Quando la Protezione civile ha deciso di installare la propria sede distaccata a L’Aquila l’ha fatto seguendo un protocollo che prevede la creazione della Di.Coma.C. Un acronimo che sta per Direzione di Comando e Controllo.
Da quel nome così inquietante nasce il titolo di Comando e controllo, il film che ho diretto, che Fulvio Nebbia ha prodotto, che Vincenzo Cicanese ha montato.
È un film “vecchio” di sette anni ma ancora molto attuale: esce dalla dinamica della personalizzazione degli eventi e tenta di comprendere i meccanismi che si generano quando una catastrofe colpisce un territorio e, soprattutto, le persone che lo abitano.
È questo che fa sì che Comando e controllo non invecchi e che lo rende un film cupo.

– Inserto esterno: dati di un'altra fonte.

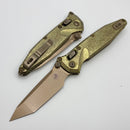 Microtech Socom Ram-Lok w/ Antique Gold Titanium Slab Handles & Bronze T/E M390MK 161RLS-13MS2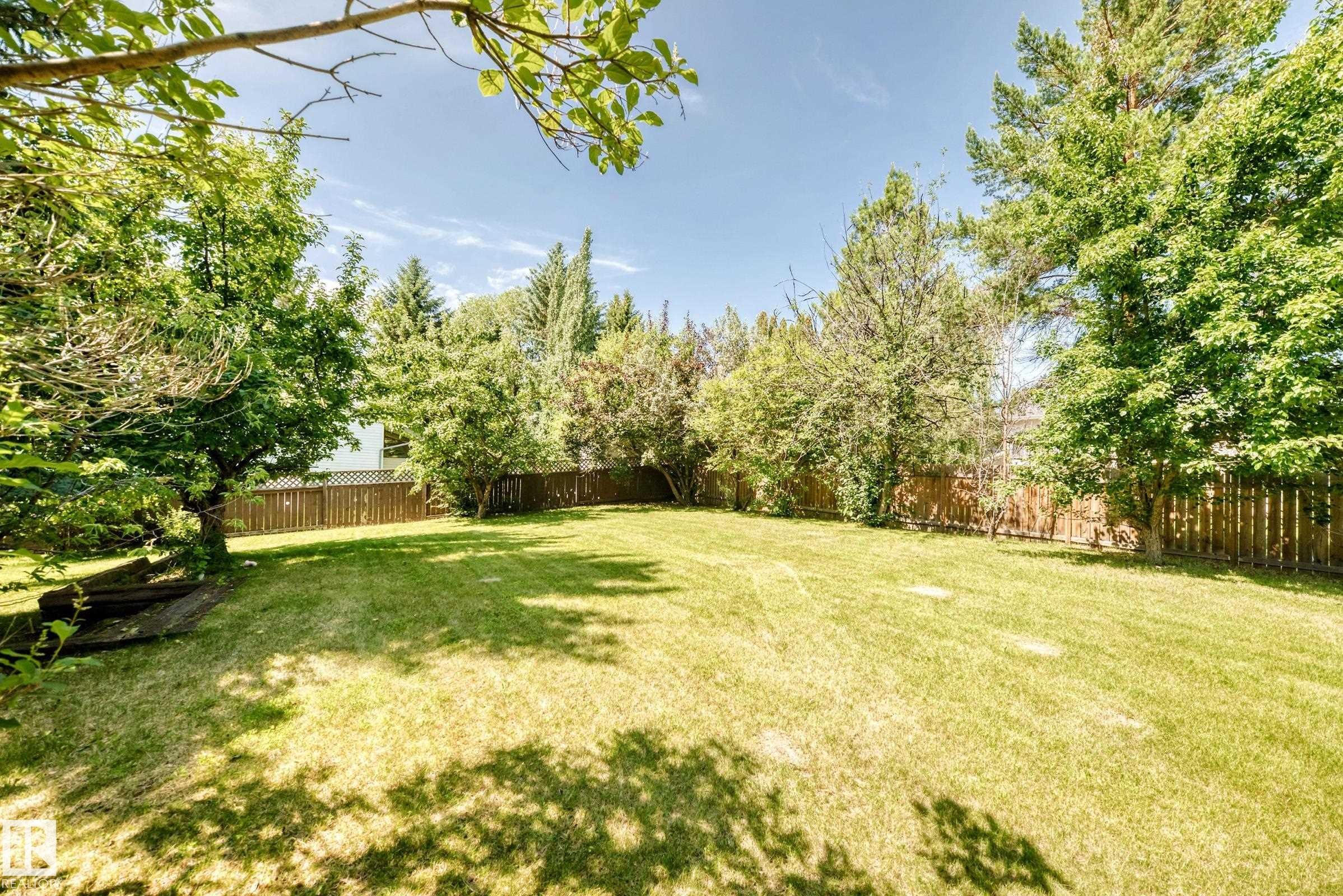 Expansive green lawn surrounded by mature trees, featuring a wood privacy fence - 4208 Ramsay Road Nw, Edmonton, AB - Outdoor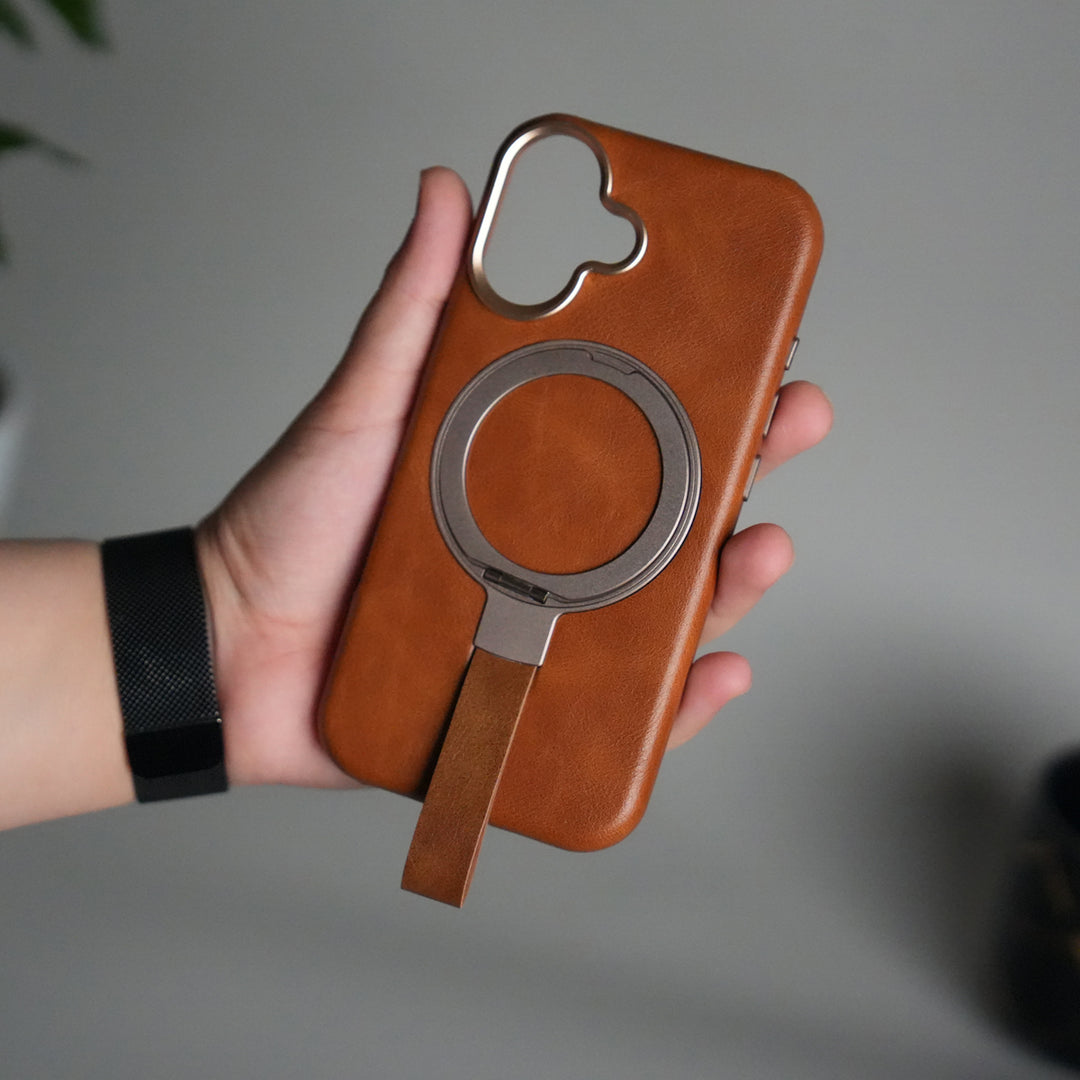 iPhone 17 Luxury Leather MagSafe Case | Metal Ring Stand and Grip Holder Cover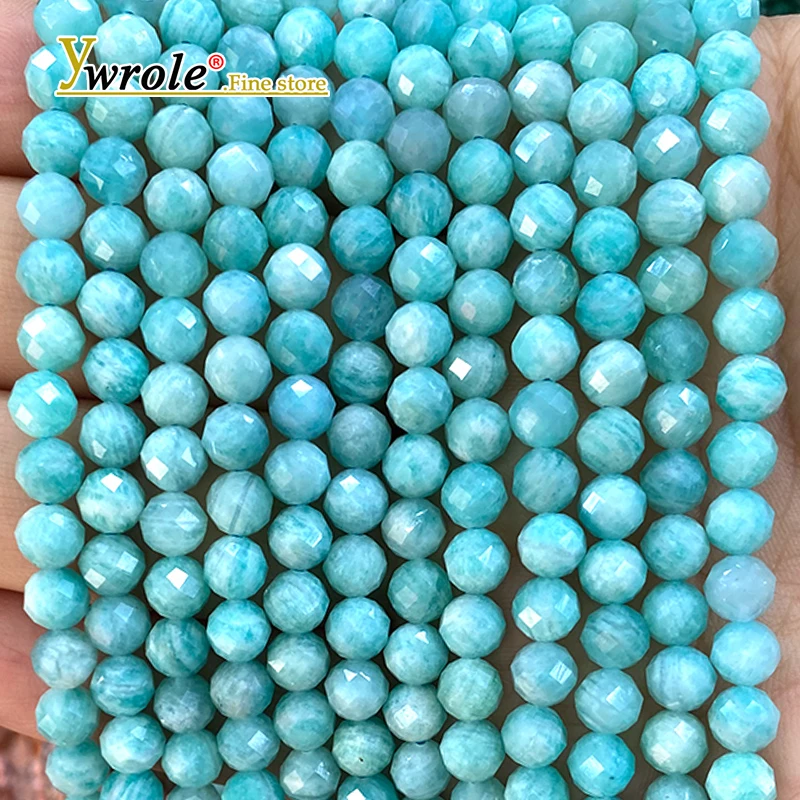 Natural Stone Faceted Round AA Amazonite Loose Spacer Beads for Jewelry Making Diy Earrings Bracelets Charms Accessories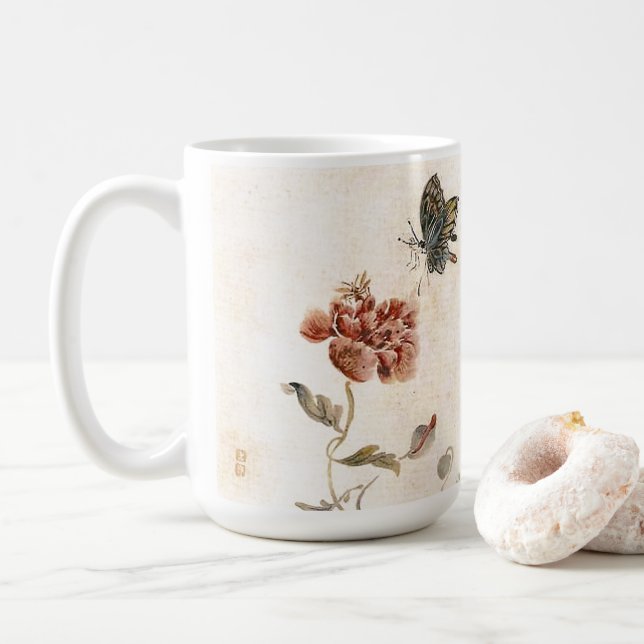 Caneca De Café Aguarela da abelha, da borboleta e da papoila do (Com Donut)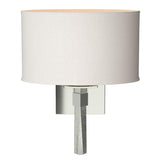 Hubbardton Forge 2010 Sterling Flax Shade (SE) Beacon Hall Oval Drum Shade Sconce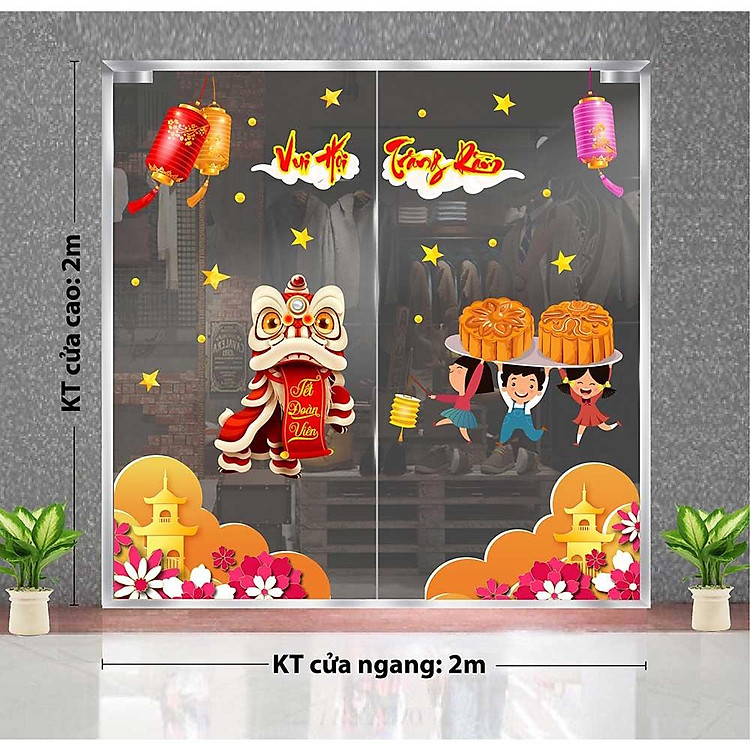 Decal trang trí trung thu 2021 lân và bé phá cổ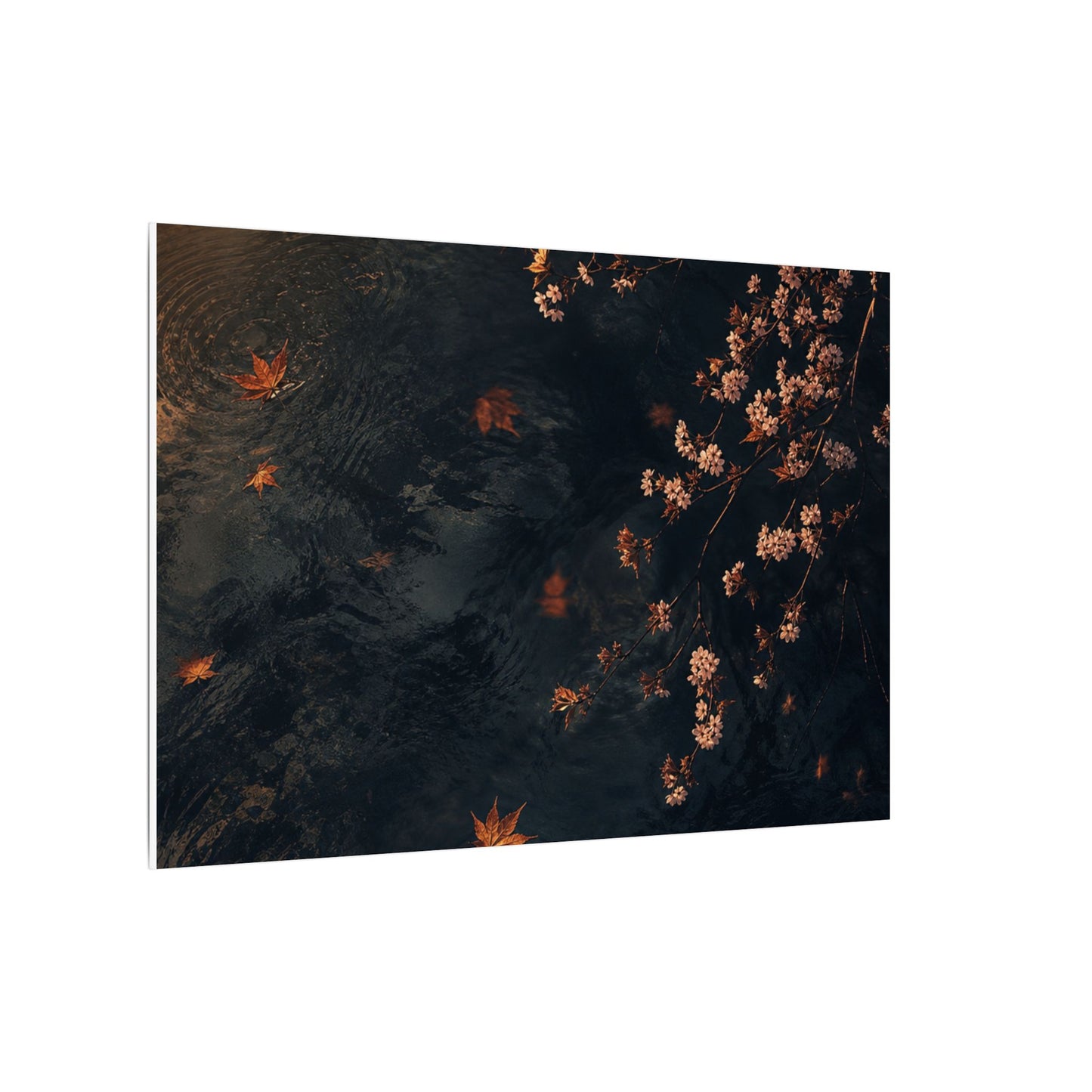 Golden Hour Cherry Blossom Canvas Art - Dark Japandi Kanso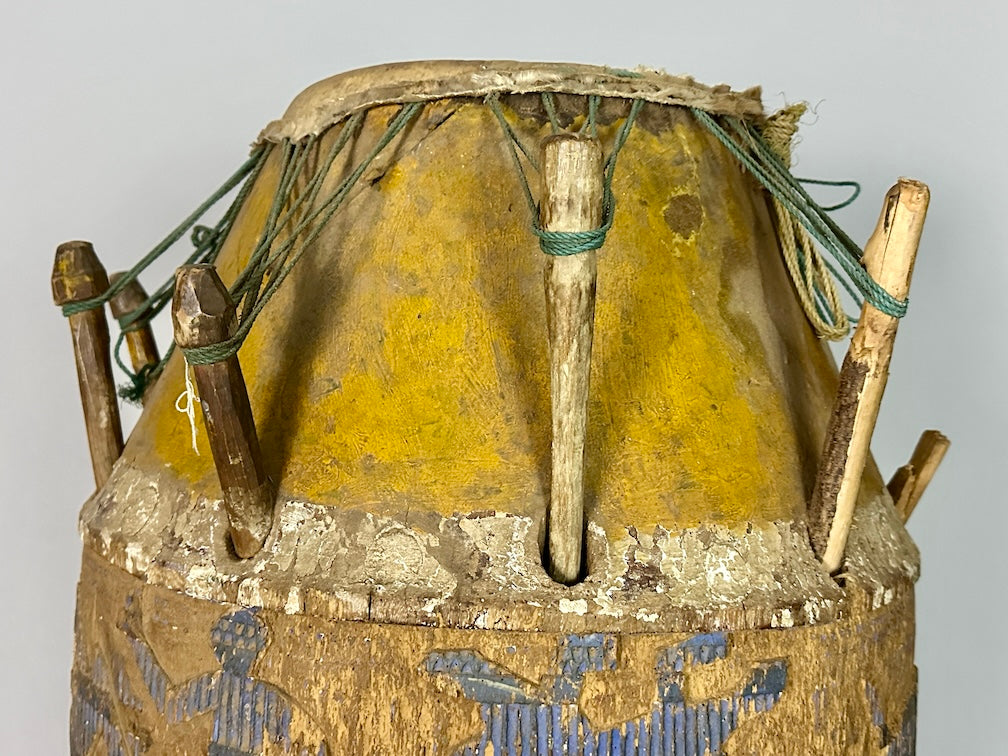 Vintage Hand-Carved African Ashanti Atompan Figured Drum - Niger Bend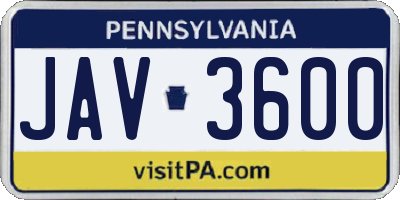 PA license plate JAV3600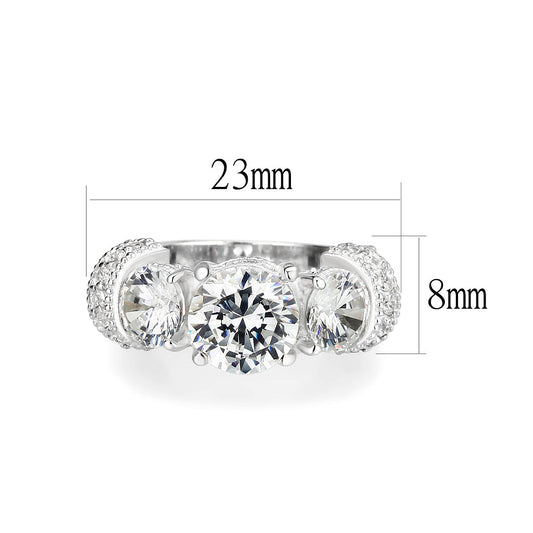LO5S055- Sterling Silver Ring with CZ In Clear High Polished( NO Plating)-1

Tutte le volte che mi capita di guardarlo a una proiezione penso che non sembra un documentario. Sembra un film dell’horror. E il suo finale mi fa paura, anche perché l’ho visto realizzarsi in gran parte, in alcuni casi arginato solamente dall’impegno della società civile (come nel caso delle centrali nucleari fermate dal referendum) e da quegli anticorpi che, piano piano, si stanno generando con il lavoro, l’impegno, l’informazione, la voglia di non fermarsi alle apparenze.
Così, sono molto felice del fatto che il film sia stato inserito nuovamente in programmazione al cinema. La proiezione è prevista il 9 aprile, domenica, alle ore 18 al Cinema Aquila di Roma.
Se sei da quelle parti e non l’hai mai visto potrebbe essere un modo interessante per recuperare la memoria di un evento che è già stato dimenticato, le cui conseguenze, però, sono evidenti. Le cui ferite sono ancora aperte. Non solo a L’Aquila ma ovuque.